Speech Research at Carnegie Mellon 
Principal Investigator: Raj Reddy 
Camegie Mellon has been active in speech recognition research for over 20 years. Research in the 70's 
led to important systems such as Hearsay, Harpy, and Dragon. Since 1980, the Carnegie Mellon speech 
group has been exploring techniques for speaker-independent recognition. Various avenues have been 
explored, including a knowledge engineering approach to identify robust speech features that are 
independent of speaker and environment, and a statistical learning system that utilizes human knowledge 
and detailed speech modeling. 
The latter system, Sphinx, was demonstrated in 1987. It was the first recognition system that can 
accurately recognize continuous speech from a large vocabulary by any speaker, without training. This 
was accomplished through the availability of ample training, the use of a powerful learning algorithm, 
and the design of detailed speech models. In 1988, Sphinx was ported to the Beam search acceleration 
machine, which made real-time recognition a reality. In 1988, the Minds System was demonstrated. 

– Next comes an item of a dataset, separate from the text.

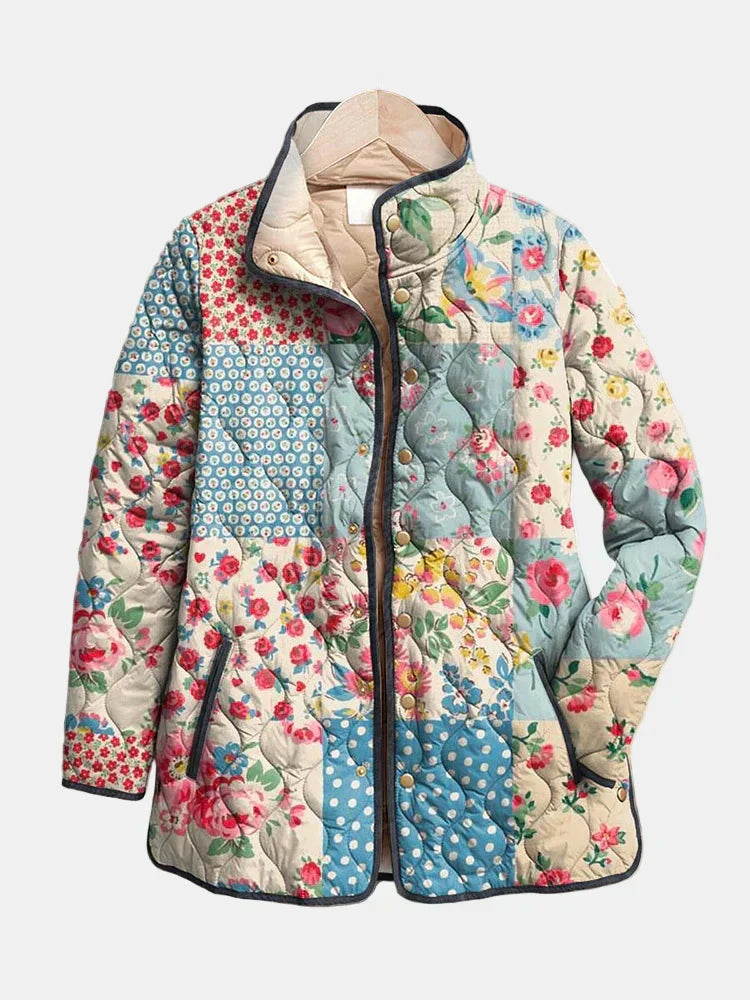 Liora | Women's Quilted Jacket, Charming Floral Print Winter Jacket - Floral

Minds uses Sphinx and Beam, and demonstrates the utility of dialog and semantic knowledge in 
improving recognition accuracy. 
The overall goal of speech research at Carnegie Mellon is to develop new technologies that address the 
major problems currently inhibiting automatic speech recognition in realistic environments. Areas for 
future work include: 
• Improved Recognition Techniques -- We are developing a 5000- to 20,000-word 
vocabulary, speaker independent, connected speech, spoken English recognition system with 
perplexity of approximately 200. To obtain a high accuracy on such a difficult task, we must 
improve Sphinx substantially. We plan to investigate better subword modeling, improved 
learning algorithms, and rapid configuration for new vocabularies and tasks. 

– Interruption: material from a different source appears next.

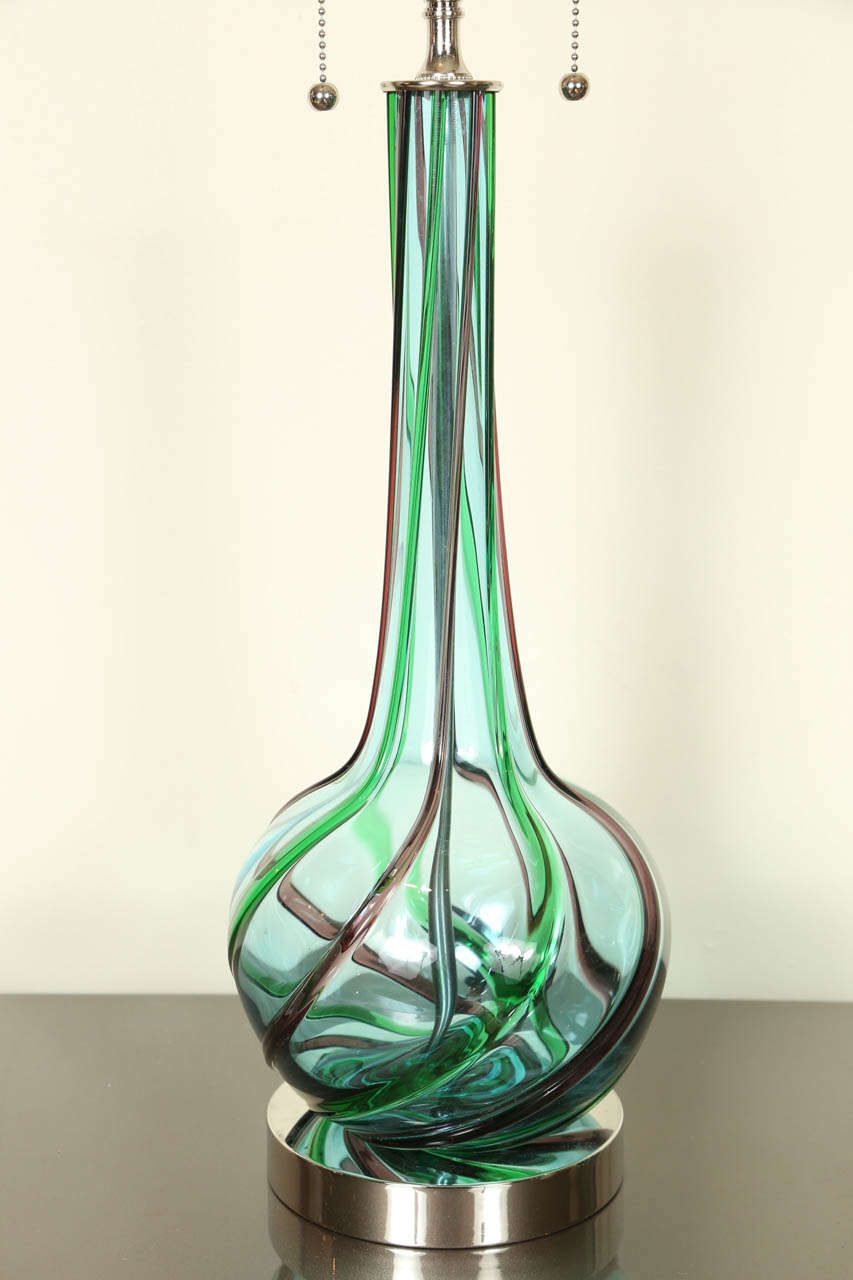 Mid-20th Century Pair of Murano Ribbon Swirl Glass Lamps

• Fluent Human/Machine Interfaces -- We will investigate, measure, and improve the utility 
of speech in several day-to-day interactive tasks that involve collaborative, human/computer 
problem solving. 
• Acoustical and Environmental Robustness -- We are working to improve the robustness 
of Sphinx against changes in microphone, noise characteristics, and environmental acoustics. 

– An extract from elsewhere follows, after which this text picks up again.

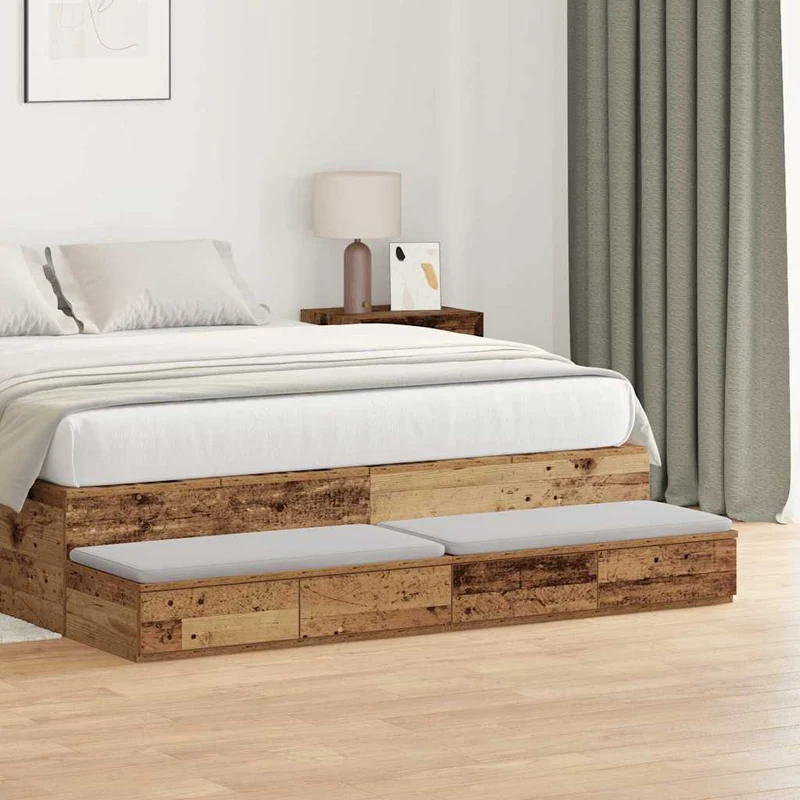Bed Drawers Old Wood 160 x 36.5 x 16.5 cm Engineered Wood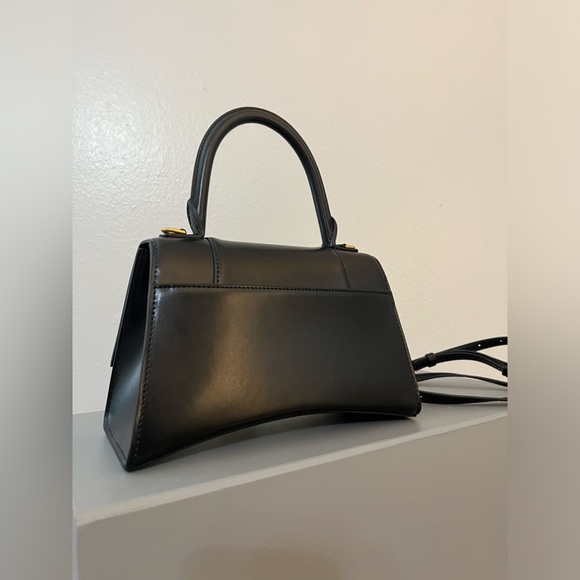 Balenciaga bag, small black and gold hourglass top handle cross body bag - Picture 5 of 9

Areas of research include employing multiple microphones, noise-subtracting, and 
homomorphic filtering. 
• Understanding Spontaneous Spoken Language -- We are work on the problematic 
phenomena associated with spontaneous speech, such as repetitions and restarts, speech-like 
noise ("um"s and "ah"s), and interruptions. The "missing science" includes techniques 
for understanding fragmentary input and for parsing in the presence of errors. 
• Task Semantics and Pragmatics -- Our recent research on the Minds system has shown 
that effective use of knowledge from dialogue, task-level semantics, and user models can 
reduce perplexity over ten fold. In the future, we intend to demonstrate the utility of such 
techniques in a wide range of domains. 
We are also working on spoken language applications in several domains, including office 
management, form-filling, and travel management. We hope the fusion of the above technology will lead 
to a new generation of accurate and robust spoken language systems 
448